Available records:
┌──

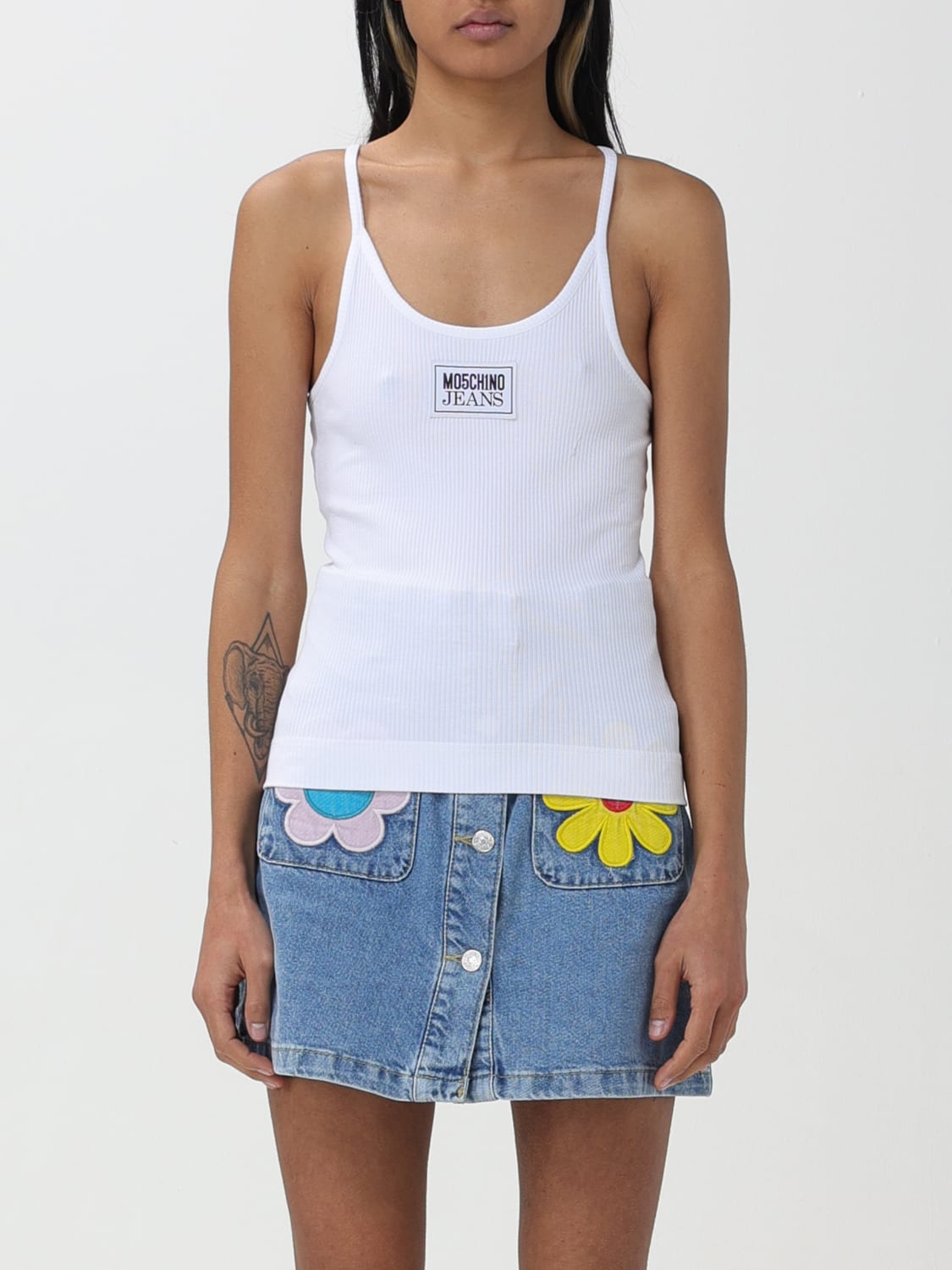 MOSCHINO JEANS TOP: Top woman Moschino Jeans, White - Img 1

└──
┌──

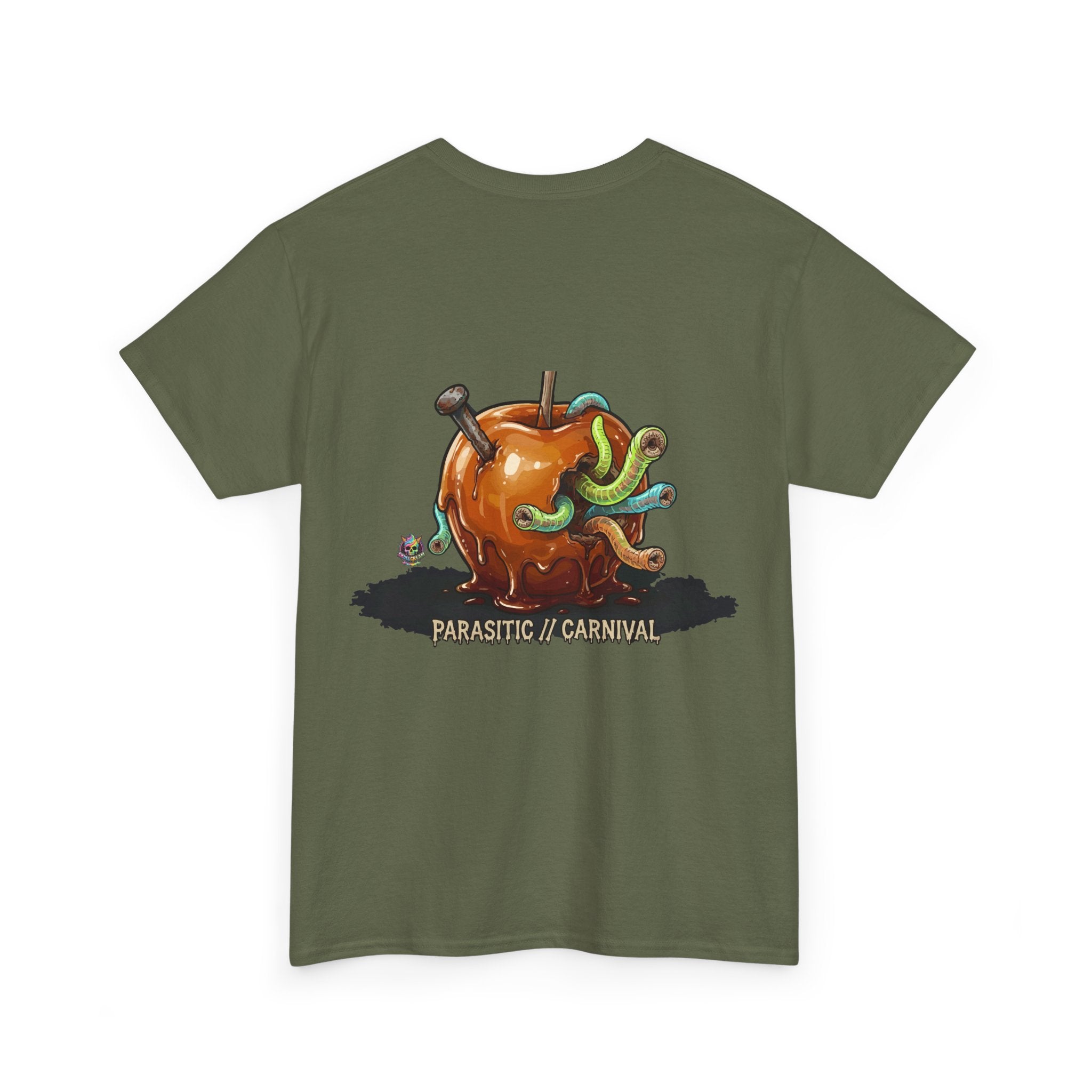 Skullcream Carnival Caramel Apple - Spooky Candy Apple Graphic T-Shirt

└──
┌──

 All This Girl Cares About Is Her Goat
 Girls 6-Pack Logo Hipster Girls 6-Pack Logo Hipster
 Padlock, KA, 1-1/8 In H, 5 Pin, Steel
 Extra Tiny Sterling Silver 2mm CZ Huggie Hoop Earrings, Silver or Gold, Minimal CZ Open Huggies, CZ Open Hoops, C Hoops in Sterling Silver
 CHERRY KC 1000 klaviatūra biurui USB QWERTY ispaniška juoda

└──

To do: Transcribe, exactly and without additions, the lines of the records above, beginning with the line that contains "Girls 6-Pack Logo Hipster Girls" and ending with the line that contains "CHERRY KC 1000", both included.

Problem solution:
 Girls 6-Pack Logo Hipster Girls 6-Pack Logo Hipster
 Padlock, KA, 1-1/8 In H, 5 Pin, Steel
 Extra Tiny Sterling Silver 2mm CZ Huggie Hoop Earrings, Silver or Gold, Minimal CZ Open Huggies, CZ Open Hoops, C Hoops in Sterling Silver
 CHERRY KC 1000 klaviatūra biurui USB QWERTY ispaniška juoda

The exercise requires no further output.